Pregunta. Señor filósofo, ¿por qué solicitó un visado para Bagdad?

Respuesta. Como sabe, los "grandes hombres" fallecidos residen eternamente en las Islas Bienaventuradas, y allí, a veces, se aburren. Con motivo del segundo centenario de mi muerte, tengo derecho a un año sabático. Es un placer regresar a la tierra para asistir, de forma anónima, a este extraño comienzo de milenio. Igual que les sucedía a mis colegas, los filósofos griegos, me encanta sentirme desorientado. Al fin y al cabo, ¿no es el asombro nuestro pecado original?

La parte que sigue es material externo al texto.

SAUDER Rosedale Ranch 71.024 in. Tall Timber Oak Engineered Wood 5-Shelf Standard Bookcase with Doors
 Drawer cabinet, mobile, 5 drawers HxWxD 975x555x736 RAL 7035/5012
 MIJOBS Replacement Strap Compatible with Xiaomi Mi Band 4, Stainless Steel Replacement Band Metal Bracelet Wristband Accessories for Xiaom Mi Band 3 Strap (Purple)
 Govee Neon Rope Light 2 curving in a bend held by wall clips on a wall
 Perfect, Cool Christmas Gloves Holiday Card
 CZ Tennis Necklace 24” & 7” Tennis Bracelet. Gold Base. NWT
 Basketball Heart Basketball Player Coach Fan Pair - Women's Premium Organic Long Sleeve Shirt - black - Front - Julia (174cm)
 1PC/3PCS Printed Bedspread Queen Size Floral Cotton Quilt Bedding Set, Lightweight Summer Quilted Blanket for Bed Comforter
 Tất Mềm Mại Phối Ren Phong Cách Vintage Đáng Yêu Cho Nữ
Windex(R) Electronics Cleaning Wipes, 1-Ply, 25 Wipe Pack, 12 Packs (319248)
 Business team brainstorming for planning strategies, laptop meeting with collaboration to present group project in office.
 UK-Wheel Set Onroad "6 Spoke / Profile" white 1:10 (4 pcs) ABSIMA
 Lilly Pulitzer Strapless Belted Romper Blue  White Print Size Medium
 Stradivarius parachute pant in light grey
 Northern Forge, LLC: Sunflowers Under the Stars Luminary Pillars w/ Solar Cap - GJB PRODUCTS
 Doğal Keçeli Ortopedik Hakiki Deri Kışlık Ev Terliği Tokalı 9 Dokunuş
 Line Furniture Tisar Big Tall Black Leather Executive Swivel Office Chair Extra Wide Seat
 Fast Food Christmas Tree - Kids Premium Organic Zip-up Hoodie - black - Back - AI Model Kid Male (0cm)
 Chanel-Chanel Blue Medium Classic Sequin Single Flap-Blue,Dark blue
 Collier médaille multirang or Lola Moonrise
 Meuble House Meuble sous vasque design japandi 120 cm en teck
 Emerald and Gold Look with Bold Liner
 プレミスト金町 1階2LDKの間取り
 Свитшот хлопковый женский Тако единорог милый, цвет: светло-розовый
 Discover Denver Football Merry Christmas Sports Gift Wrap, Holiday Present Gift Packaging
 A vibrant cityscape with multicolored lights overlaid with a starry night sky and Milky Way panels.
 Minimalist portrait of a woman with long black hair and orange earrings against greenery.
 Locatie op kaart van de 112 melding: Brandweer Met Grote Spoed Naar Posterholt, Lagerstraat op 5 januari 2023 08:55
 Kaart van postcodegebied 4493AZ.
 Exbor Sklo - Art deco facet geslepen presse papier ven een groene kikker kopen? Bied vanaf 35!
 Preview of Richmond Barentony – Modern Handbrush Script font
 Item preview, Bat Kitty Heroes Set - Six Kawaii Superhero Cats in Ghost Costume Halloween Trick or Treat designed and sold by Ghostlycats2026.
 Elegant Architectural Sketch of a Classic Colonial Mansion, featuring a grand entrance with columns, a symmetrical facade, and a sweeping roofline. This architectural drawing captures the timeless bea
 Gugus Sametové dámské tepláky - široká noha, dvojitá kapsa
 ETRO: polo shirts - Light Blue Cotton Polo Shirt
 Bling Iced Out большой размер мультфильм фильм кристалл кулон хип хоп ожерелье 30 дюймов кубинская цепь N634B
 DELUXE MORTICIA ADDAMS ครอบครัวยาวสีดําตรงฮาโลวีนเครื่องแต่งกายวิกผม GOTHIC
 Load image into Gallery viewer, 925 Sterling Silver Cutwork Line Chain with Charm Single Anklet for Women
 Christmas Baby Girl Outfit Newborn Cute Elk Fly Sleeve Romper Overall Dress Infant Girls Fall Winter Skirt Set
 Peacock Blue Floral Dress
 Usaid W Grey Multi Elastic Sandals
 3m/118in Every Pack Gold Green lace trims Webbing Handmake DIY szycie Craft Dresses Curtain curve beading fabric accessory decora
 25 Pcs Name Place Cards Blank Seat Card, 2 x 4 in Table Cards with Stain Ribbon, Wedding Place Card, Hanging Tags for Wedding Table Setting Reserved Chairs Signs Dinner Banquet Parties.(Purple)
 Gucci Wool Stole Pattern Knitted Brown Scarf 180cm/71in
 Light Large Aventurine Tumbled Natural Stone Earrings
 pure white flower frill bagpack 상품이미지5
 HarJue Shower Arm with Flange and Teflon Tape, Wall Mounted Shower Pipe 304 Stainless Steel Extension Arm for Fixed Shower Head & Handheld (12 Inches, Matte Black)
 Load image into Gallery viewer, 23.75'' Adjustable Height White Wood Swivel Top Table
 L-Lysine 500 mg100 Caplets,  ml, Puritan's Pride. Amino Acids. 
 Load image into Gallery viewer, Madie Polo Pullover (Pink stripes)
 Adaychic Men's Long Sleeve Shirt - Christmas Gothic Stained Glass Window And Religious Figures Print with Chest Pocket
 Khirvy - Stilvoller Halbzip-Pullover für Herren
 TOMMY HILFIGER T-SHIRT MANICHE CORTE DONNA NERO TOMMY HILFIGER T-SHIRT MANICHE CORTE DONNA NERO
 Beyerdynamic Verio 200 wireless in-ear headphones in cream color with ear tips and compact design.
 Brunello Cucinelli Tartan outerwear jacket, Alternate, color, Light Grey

P. Pero ¿por qué aterrizar en Irak? No le conocía ese gusto por las situaciones conflictivas, la sangre y la muerte. ¿No prefieren los pensadores y los poetas las sociedades felices y pacíficas, el lujo y la serenidad? Un polemista francés dijo, a propósito de usted: "Kant, que pretendía ser "puro" e inmaculado, tenía las manos tan sucias que no tenía manos". ¿No le da miedo ensuciarse?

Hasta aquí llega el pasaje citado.